Write the listing out once more, identical to the original but without pictures.

» DATA BLOCK:
*** Block opens ***
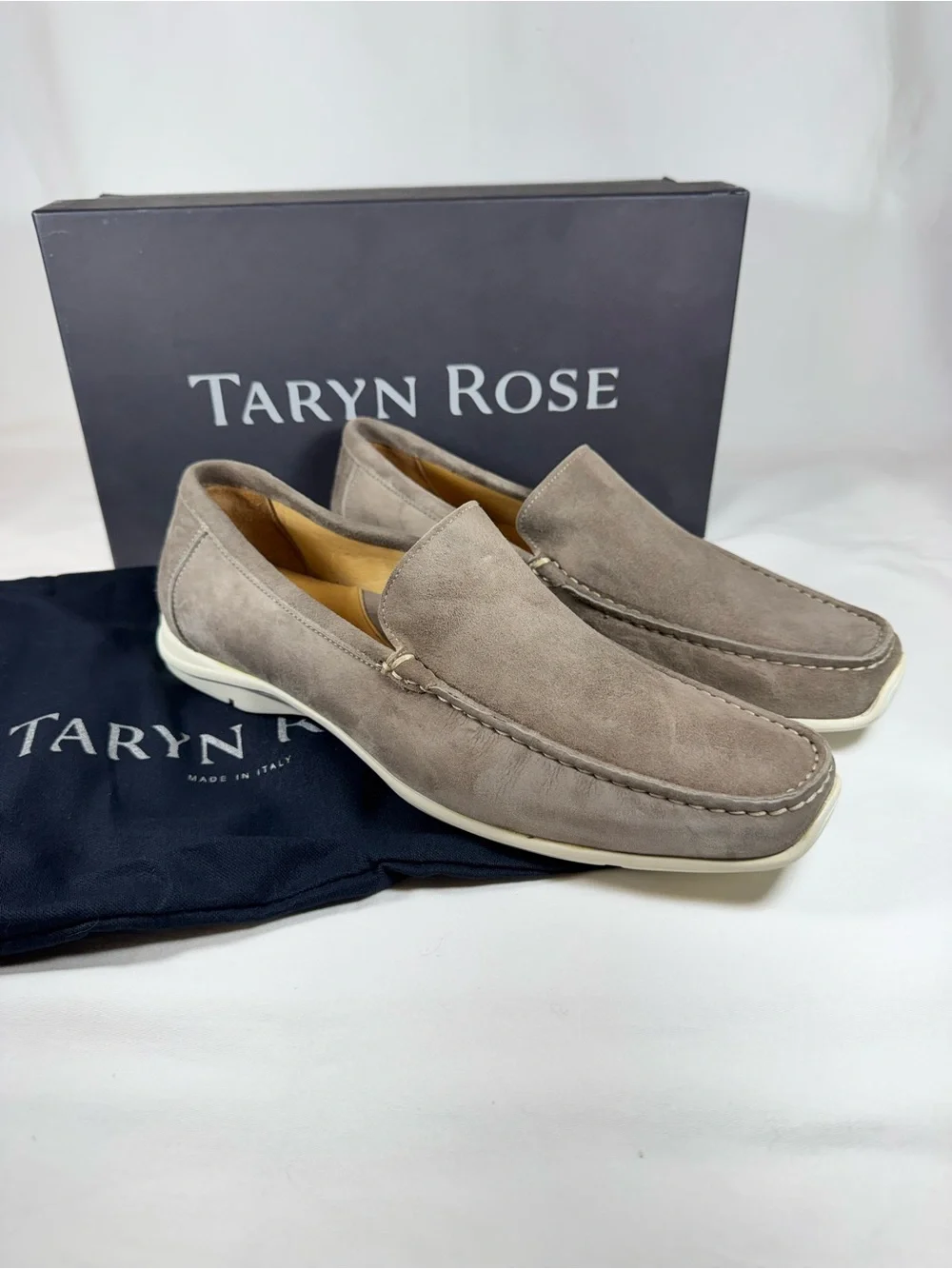 Vintage Taryn Rose Men Taupe Suede Leather Venetian Slip On Loafers EU 41.5 US 9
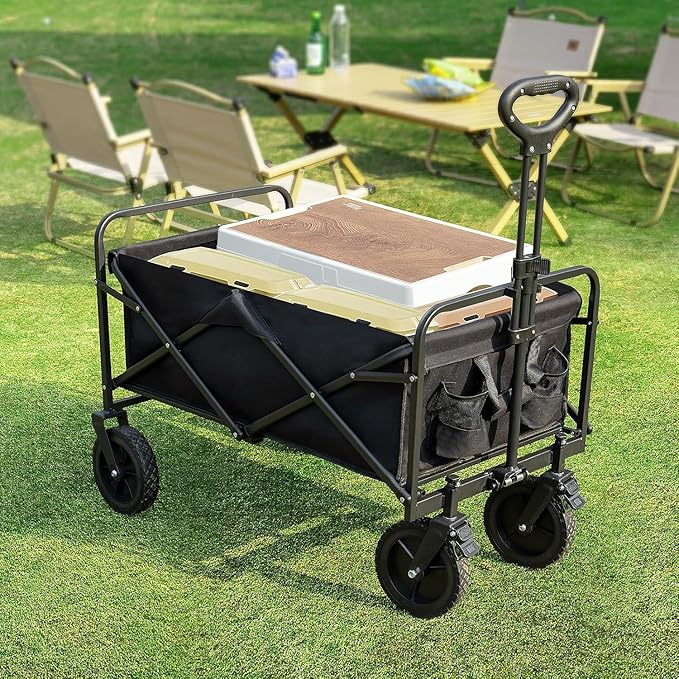 Sweetcrispy Collapsible Foldable Wagon Cart, Large Capacity Garden Beach Cart with All-Terrain Wheels, Heavy Duty Utility Grocery Wagon with Drink Holders for Shopping Sports Camping - 35IN Black
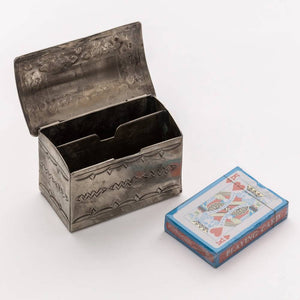 J. Alexander Hand Stamped Playing Card Box With Turquoise HOME & GIFTS - Home Decor - Decorative Accents J. Alexander Rustic Silver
*** Block closes ***
» ANSWER SECTION:
 Vintage Taryn Rose Men Taupe Suede Leather Venetian Slip On Loafers EU 41.5 US 9
 Sweetcrispy Collapsible Foldable Wagon Cart, Large Capacity Garden Beach Cart with All-Terrain Wheels, Heavy Duty Utility Grocery Wagon with Drink Holders for Shopping Sports Camping - 35IN Black
 J. Alexander Hand Stamped Playing Card Box With Turquoise HOME & GIFTS - Home Decor - Decorative Accents J. Alexander Rustic Silver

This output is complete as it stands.